Although the flags have a mesmerizing impact on the landscape of the park; unfortunately, some have begun to fade or entirely disappear under the stress of the rain and wind common to South Florida weather as the groups didn’t all use materials that could withstand the weather.

The commitments made to the animals painted on the flags, however, are meant to last much longer than the exhibit and flags themselves.

“The point of the exhibit is also to build a culture of caring about the environment,” said Cortada, “and get a sense of responsibility and empower ourselves to be actors and persuade others to help.

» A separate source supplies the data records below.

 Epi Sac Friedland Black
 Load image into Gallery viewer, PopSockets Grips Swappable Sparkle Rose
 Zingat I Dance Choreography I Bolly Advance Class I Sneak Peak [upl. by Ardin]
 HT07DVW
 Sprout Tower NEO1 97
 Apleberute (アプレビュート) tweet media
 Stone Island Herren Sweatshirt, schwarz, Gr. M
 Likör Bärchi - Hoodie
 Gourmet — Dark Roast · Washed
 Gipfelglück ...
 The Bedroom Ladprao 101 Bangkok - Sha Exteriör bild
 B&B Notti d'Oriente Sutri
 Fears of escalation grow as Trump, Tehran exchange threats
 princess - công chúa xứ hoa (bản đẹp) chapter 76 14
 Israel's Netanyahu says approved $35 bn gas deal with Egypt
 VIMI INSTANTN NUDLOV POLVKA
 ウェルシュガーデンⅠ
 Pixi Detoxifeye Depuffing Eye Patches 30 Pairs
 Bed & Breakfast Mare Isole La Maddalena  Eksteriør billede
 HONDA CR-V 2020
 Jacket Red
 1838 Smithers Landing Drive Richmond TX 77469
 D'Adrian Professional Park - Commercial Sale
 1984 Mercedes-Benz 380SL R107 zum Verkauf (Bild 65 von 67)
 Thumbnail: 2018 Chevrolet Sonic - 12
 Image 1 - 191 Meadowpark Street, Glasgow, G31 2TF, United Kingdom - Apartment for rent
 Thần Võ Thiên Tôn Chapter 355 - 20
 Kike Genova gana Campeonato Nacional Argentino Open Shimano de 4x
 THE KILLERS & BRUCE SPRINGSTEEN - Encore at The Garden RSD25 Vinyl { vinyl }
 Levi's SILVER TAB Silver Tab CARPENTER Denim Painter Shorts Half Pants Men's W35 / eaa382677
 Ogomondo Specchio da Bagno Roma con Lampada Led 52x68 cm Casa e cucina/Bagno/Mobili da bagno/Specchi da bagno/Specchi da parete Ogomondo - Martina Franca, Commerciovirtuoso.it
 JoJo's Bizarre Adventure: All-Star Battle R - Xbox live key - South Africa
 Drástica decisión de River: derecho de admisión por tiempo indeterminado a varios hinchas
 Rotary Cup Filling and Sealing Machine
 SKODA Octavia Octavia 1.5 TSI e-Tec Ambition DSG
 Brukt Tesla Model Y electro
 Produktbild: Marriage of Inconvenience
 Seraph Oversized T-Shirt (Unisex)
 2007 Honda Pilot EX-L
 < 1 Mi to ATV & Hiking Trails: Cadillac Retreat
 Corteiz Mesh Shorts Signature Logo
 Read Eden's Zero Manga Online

Those that still want to be involved in the project can become part of the Life Wall in The Netherlands by going on the web site and adopting an animal. Once the animal is adopted one writes the degree of the animal it on a stone to keep with them to encourage further conversation about the environment.


If You Go:

Biscayne National Park
9700 SW 328 St., Homestead, Fla. 33033

Dante Fascell Visitor Center is open daily from 9 a.m. to 5 p.m. Entrance is free

Coming from U.S. 1, drive south and turn left on SW 328th Street (North Canal Street) and continue on the road until seeing the entrance on your left. Coming from the Florida Turnpike take Exit 6 Speedway Boulevard and turn left on the exit then turn left on SW 328th Street and continue on the road. The entrance will be visible on your left.